Azusa High School is a public high school in Azusa, California, United States, a city east of Los Angeles and east of the San Gabriel Valley. It is the flagship high school for the Azusa Unified School District.
In addition to offering multiple Advanced Placement courses. Azusa High School is an IB (International Baccalaureate) school.

==Enrollment==
Azusa High School has had an enrollment of about 1,416 students in 2011–2012 school year. Azusa High School is integrated in the school years of 2011–2012 with, 0.2% American Indian/Alaska Native, 1.1% Asian, 0.3% Native Hawaiian/Pacific Islander, 1.7% Filipino, 90.6% Hispanic, 1.0% Black, and 4.4% White.

For the 2025 - 2026 school year, Azusa High School's enrollment was approximately 1,480 students.

==Athletics==
Currently, Azusa High School offers its students 16 athletic teams.

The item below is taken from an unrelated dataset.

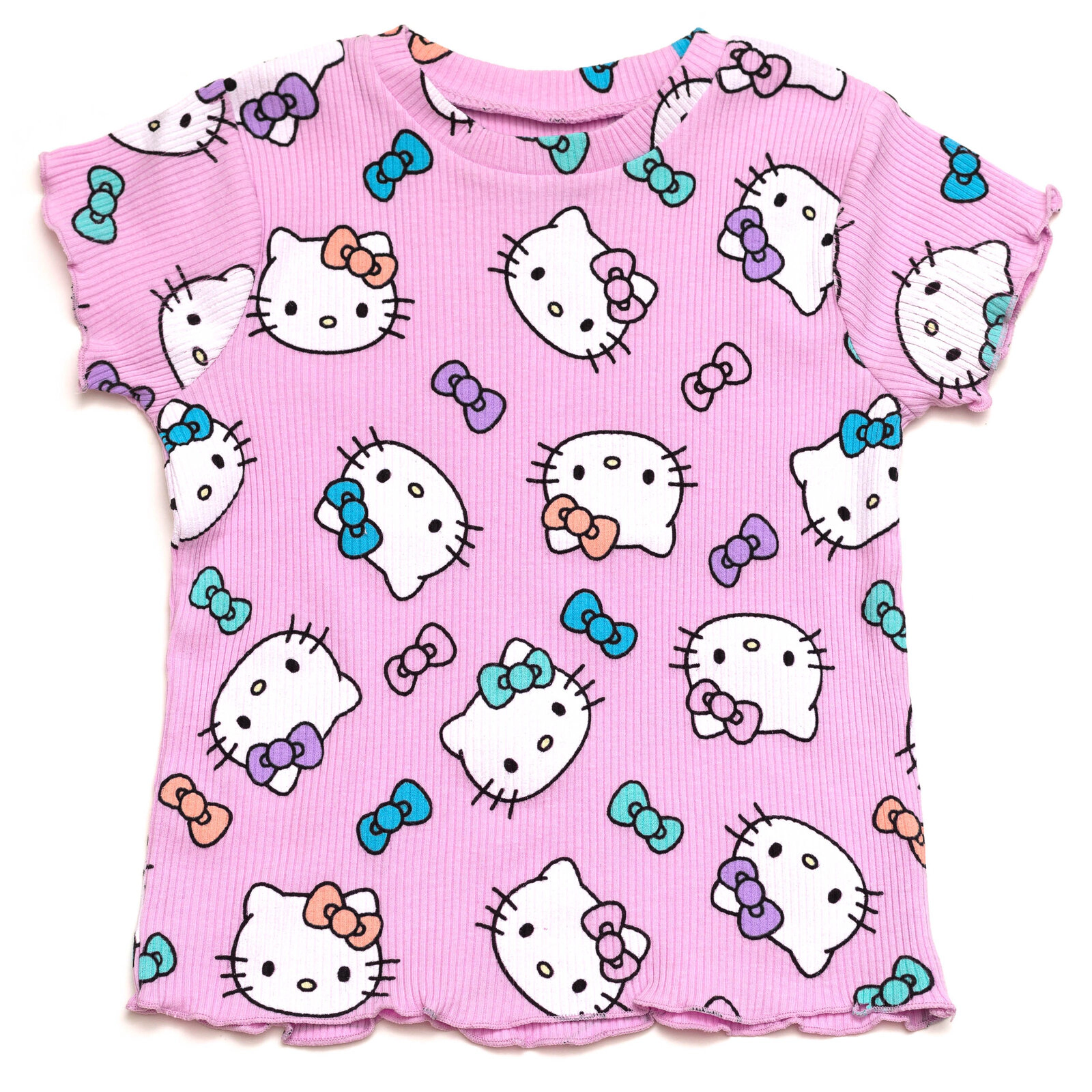 Hello Kitty Girls' 2-Piece T-Shirt and Bike Shorts Set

All sports teams are associated with the Montview League and participate in the CIF Southern Section.

These sports include:
- Badminton
- Baseball
- Basketball - Boys & Girls Teams
- Cheer
- Cross Country - Boys & Girls Teams
- Football
- Flag Football - Girls Team
- Golf
- Wrestling
- Track & Field
- Soccer - Boys & Girls Teams
- Softball
- Swim
- Tennis - Boys & Girls Teams
- Track & Field
- Volleyball - Boys & Girls Teams

==Aztec Band and Pageantry Corps==

The Azusa High School Aztec Band & Pageantry Corps is associated with the Southern California School Band and Orchestra Association (SCSBOA).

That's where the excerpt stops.